How to Identify & Prioritize Use Cases for Automation
Yesterday, we explored how to identify and prioritize use cases for AI, which is fundamentally based on a bottom-up approach for auditing and documenting use cases by observing process execution and system usage. The same method applies if your goal is to recognize efficiencies through automation.
As a quick recap, these are the steps:
Create a cross-functional team
Engage a lead stakeholder from each department
Observe how a team executes a business process
Capture a list of ideas
Groom and prioritize your use cases
Let's talk about what to look for as you engage stakeholders (steps 2 and 3), as it will influence what you capture in your list ideas (step 4).
Start by engaging teams that are producing material and talking directly with your prospects and customers.
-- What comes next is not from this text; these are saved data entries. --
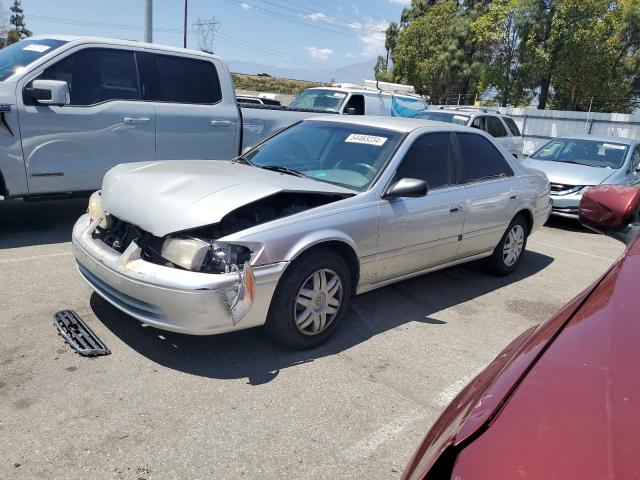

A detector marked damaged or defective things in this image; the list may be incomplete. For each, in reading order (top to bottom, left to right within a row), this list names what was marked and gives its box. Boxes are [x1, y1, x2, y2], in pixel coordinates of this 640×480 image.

broken headlight assembly [87, 190, 109, 230]
crumpled front bumper [70, 216, 288, 336]
broken headlight assembly [160, 236, 258, 274]
silver hood damage [102, 160, 358, 237]
damaged silver sedan [70, 116, 552, 348]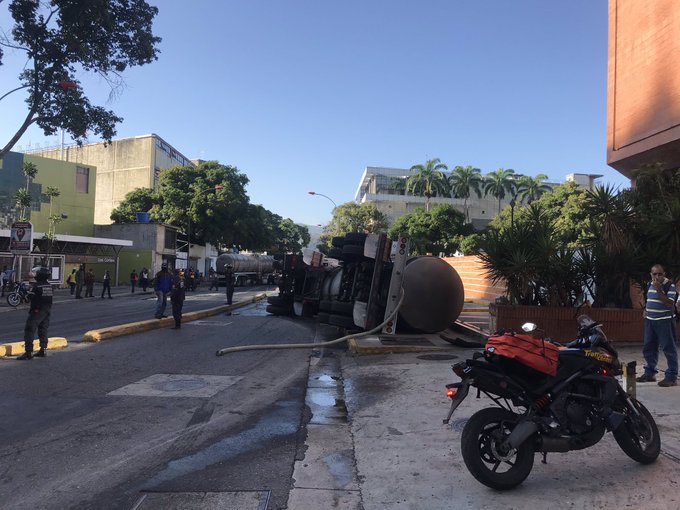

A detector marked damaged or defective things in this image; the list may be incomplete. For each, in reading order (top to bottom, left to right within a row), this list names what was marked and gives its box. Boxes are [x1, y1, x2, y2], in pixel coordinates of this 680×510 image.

overturned tanker truck [266, 234, 468, 334]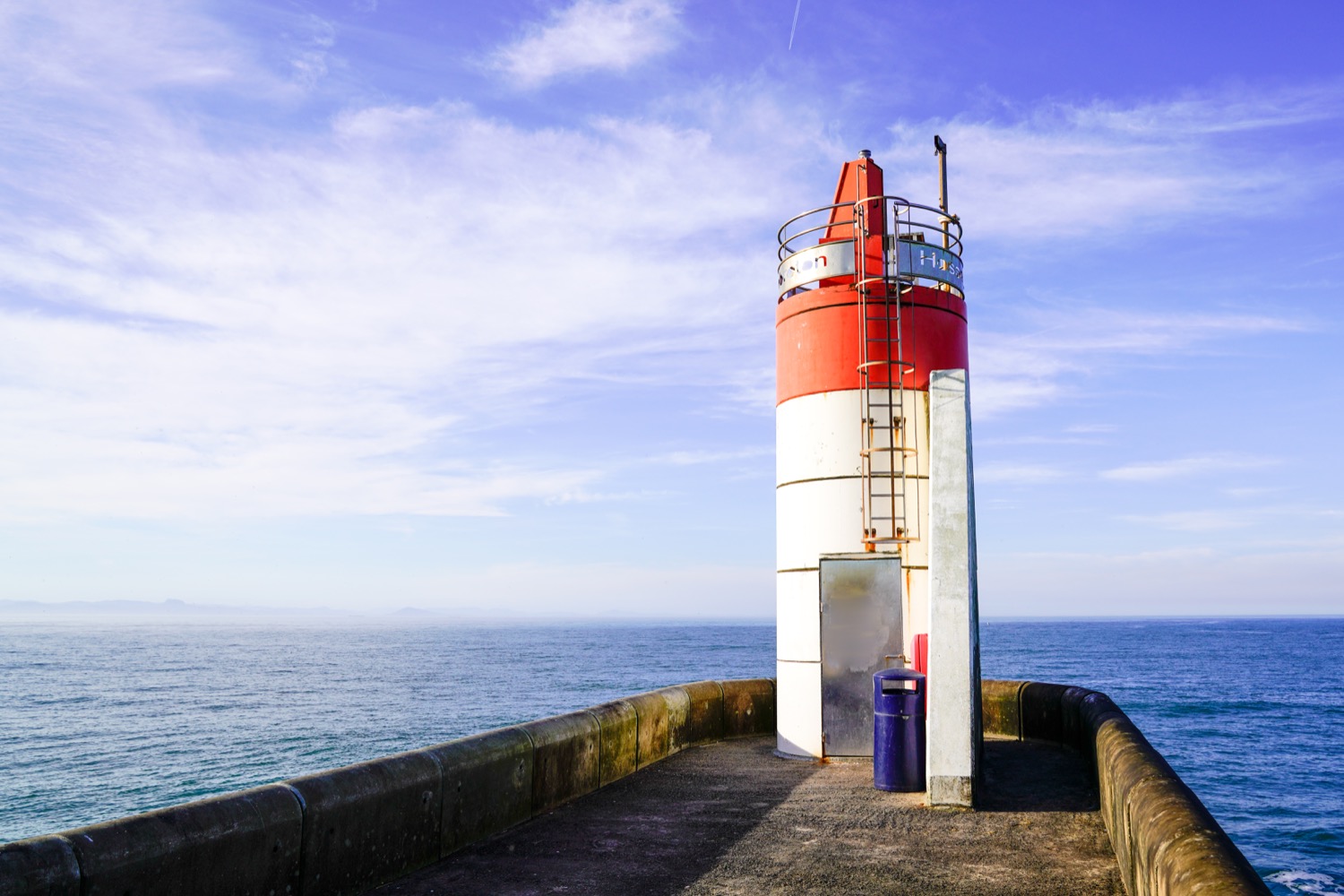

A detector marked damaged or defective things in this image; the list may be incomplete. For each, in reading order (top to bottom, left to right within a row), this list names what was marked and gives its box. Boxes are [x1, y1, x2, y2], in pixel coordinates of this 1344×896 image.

rusty metal ladder [855, 198, 919, 550]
These folks often benefit most because they reclaim time that can be spent better serving their core function, which could look like:
Marketing creating tighter segmentation and producing more content
Sales (or fundraisers, if you're a nonprofit) spending more time developing a relationship or managing more prospects within their pipeline
Support improving their ability to respond quickly and resolve issues faster
Delivery (for services based organizations) providing value faster and being able to handle more projects or implementations concurrently
You should still engage teams that are externally facing, although typically the value associated with automation is lower for these teams.
The reason for that is simple, as downstream teams becoming more efficient means you're freeing up capacity that upstream teams need to fill, which means you're not recognizing any tangible value unless you:
Plan to reduce headcount
Skip hiring that was needed due to capacity issues
Have awareness of imminent growth
Let's switch our focus to generic problems and real examples that can be solved with existing automation platforms:
Manual Data Entry: copying and pasting data from a consistently formatted email into your CRM; preparing quotes and contracts; typing data from scanned images or PDFs; drafting a response to a sales inquiry or support request based on your product or services
Researching & Enriching Data: searching for information about a prospective account and their people; validating addresses, emails, and phone numbers; looking for relevant news about an existing customer that can influence the relationship; classifying and categorizing data based on definitions like department or seniority; distilling a support request and finding the relevant knowledgebase articles that apply
Recurring Tasks: generating weekly reports based on data from various systems; preparing and sending customer invoices; taking regular backups of data and metadata from your systems
Alerting: pinging sales when a prospect has actionable marketing engagement with your digital properties; sending renewal and past due reminders; flagging escalations, exceptions, or unusual usage patterns; nudging people that need to approve or perform work that is missing (e.g. expense reports)
As a final point, if you're intending to leverage AI (as discussed in yesterday's newsletter), you'll likely need to automate how that fits into business processes and interacts with other systems.
So, you might as well pair these initiatives together as you embark on your bottom-up approach to observing stakeholders.
TLDR: Look for manual data entry, research tasks, recurring work, and alerting needs. Start with externally facing teams for highest impact.